● **What is expected**
Beginning with the line that includes "Romantic couple in", return every remaining line of the material exactly as it reads, but not the pictures.

● **Data below**
####################
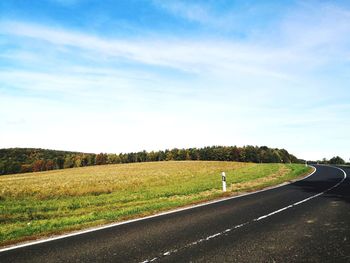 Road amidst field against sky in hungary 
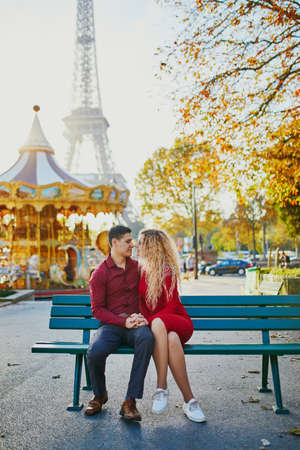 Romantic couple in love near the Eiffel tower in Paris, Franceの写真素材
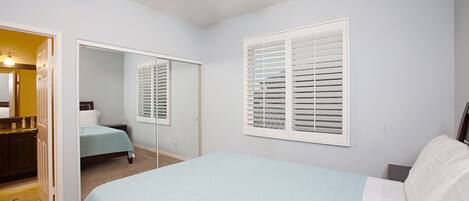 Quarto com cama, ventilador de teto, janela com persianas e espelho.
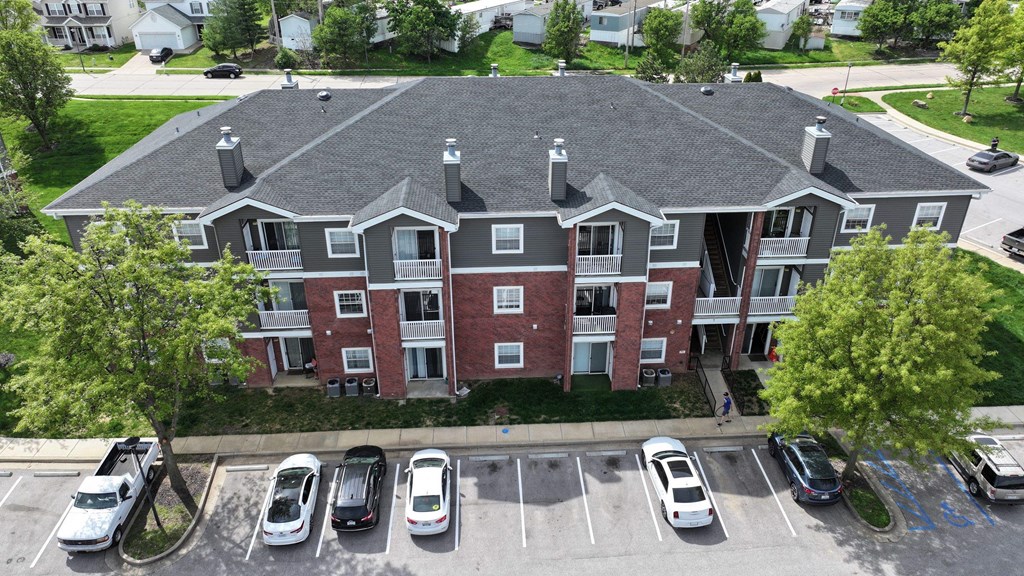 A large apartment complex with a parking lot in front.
####################
● **Result of this task**
 Romantic couple in love near the Eiffel tower in Paris, Franceの写真素材
 Quarto com cama, ventilador de teto, janela com persianas e espelho.
 A large apartment complex with a parking lot in front.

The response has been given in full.